The return of the show probably can’t come quickly enough for executives at Sky Atlantic - the channel that broadcasts the show in the UK - as another purveyor of internecine political struggles has been quietly eating into their audience. In the week commencing 11 March, BBC Parliament pulled in an average of 488,000 daily viewers. Sky Atlantic? Only 421,000.

BBC Parliament has clearly benefitted from a combination of stand-out specials, arcane ritual and its cast of Commons characters. Audiences have been drawn in by career-defining performances from loquacious legal foghorn Geoffrey Cox; from order superfan John Bercow; and, of course, from still-in-need-of-a-Strepsil Theresa May.

While some of these characters are just about plausible, the chamber format feels a little tired. Even attempts to introduce nudity last week can’t distract from the fact that votes take too long and there’s clearly not enough space between the benches for a proper dance/bake/sing off to give defeated motions a second chance. And don’t even think about suggesting a public vote to spice things up.

Despite BBC Parliament’s plucky performance, there is little doubt which channel will win this particular ratings war next week. After all, a lavishly produced fantasy chronicling endless struggles for a thankless throne will always trump a bare-bones stream chronicling real-life struggles for a thankless throne.

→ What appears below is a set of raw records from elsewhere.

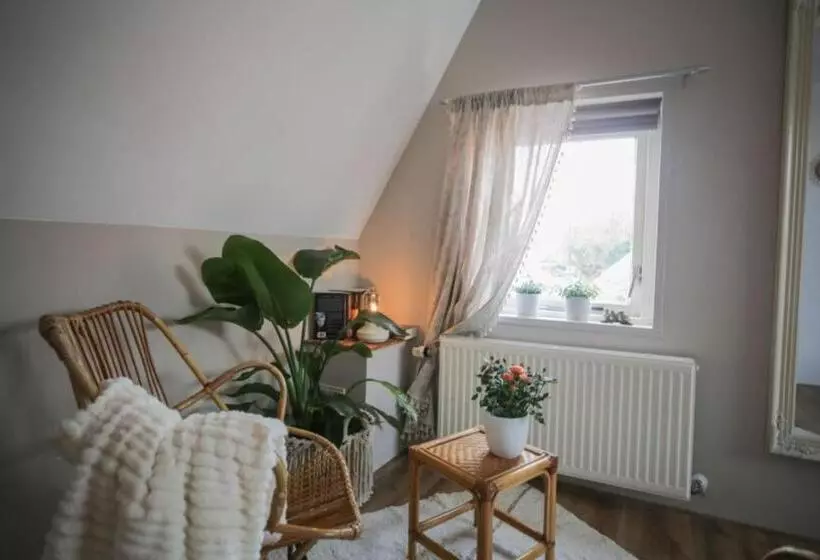 Bed & Breakfast   Appartement D Ambacht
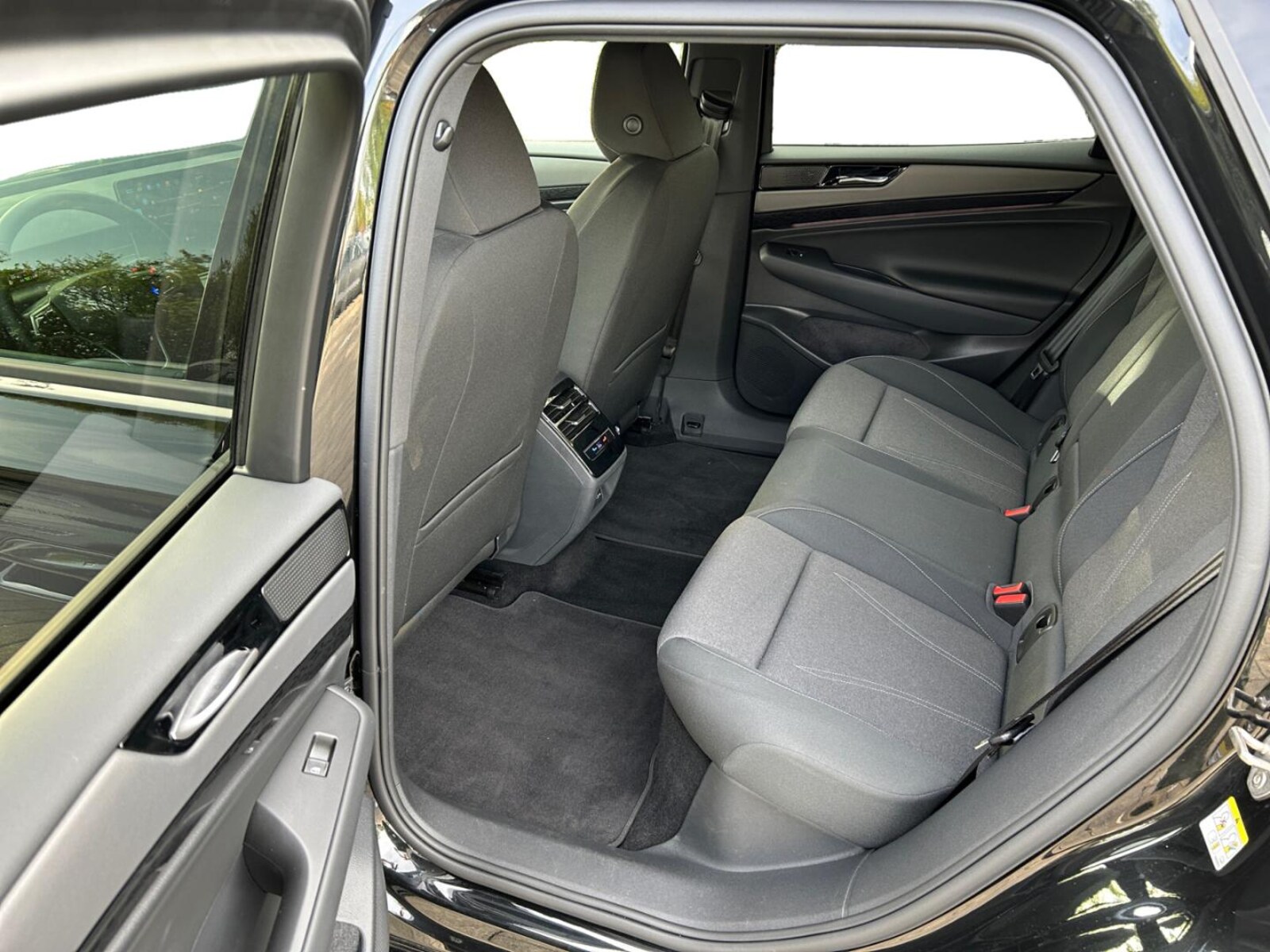 Volkswagen ID.7 Tourer – Bild 12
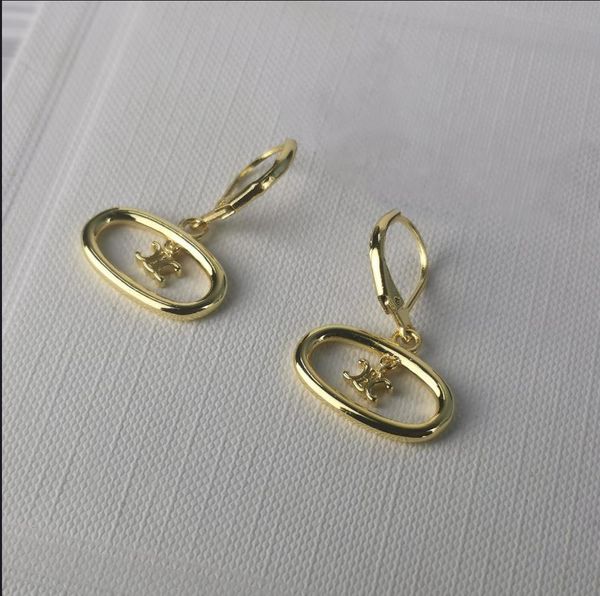 new designed triomphe mobile pendant earrings in brass with gold finish women ear stud designer jewelry er567, Golden;silver
new designed triomphe mobile pendant earrings in brass with gold finish women ear stud designer jewelry er567, Golden;silver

The biggest irony of it all is the majority of the British public don’t actually appear to care about either. Watching politics and Game of Thrones ‘live’ are still both relatively niche interests, despite the level of online hype. The average person spends a total of just three minutesper weekwatching either channel.

Lucky them.


The government says websites could be blocked or fined if they fail to tackle online harms like terrorist propaganda and child abuse. The Department for Culture, Media and Sport has put forward plans for an independent watchdog and a code of practice for tech companies to follow.
Prime Minister Theresa May is expected to meet Labour leader Jeremy Corbyn again today to try to break the deadlock over Brexit (£). Boris Johnson has described rumours that she will propose an indefinite customs union as a ‘surrender’.
The US has called for an immediate halt to military operations in Libya as the Libyan National Army (LNA) advances on the capital, Tripoli. The UN-backed Government of National Accord controls Tripoli, while the LNA is allied to a parallel administration based in the east of the oil-rich country, which formed after the overthrow of former leader Muammar Gaddafi in 2011.

Business & Economy

Saudi Aramco’s impending $10bn international bond issue has already drawn $30bn of demand from investors (£). The debut has compelled investors to put aside concerns over the company’s close links to the country’s repressive government to back the world’s most profitable company.
Mike Ashley has submitted a new offer for troubled high street chain Debenhams. As he awaits a response, his company Sports Direct issued a strongly-worded statement on Sunday evening. It accused Debenhams' board members of misrepresenting what had happened in a meeting between the two firms and suggested they should submit to a lie detector test.
Oil has hit a five-month high, representing its best week in almost two months. The increase was driven by escalating fighting in OPEC producer Libya, and came despite the biggest increase active rigs in the US since May.


The week ahead

With German ecomomic indicators weakening, many eyes will be on the European Central Bank (ECB) meeting on Wednesday. ECB President Mario Draghi may face some tough questions at the news conference after the meeting, even though no major policy changes are expected.
Elsewhere, US-Chinese trade talks continue to loom large over international markets, and investors will be looking for further signs of progress this week after some indications of optimism from President Trump and President Xi Jinping in the last few days.
In the UK, Brexit unsurprisingly dominates the agenda for the week ahead, with talks continuing between the Conservative government and the Labour opposition. Any move towards a softer Brexit option could boost the pound, but volatility is expected to remain due to the last-minute nature of the negotiations and the looming no-deal deadline.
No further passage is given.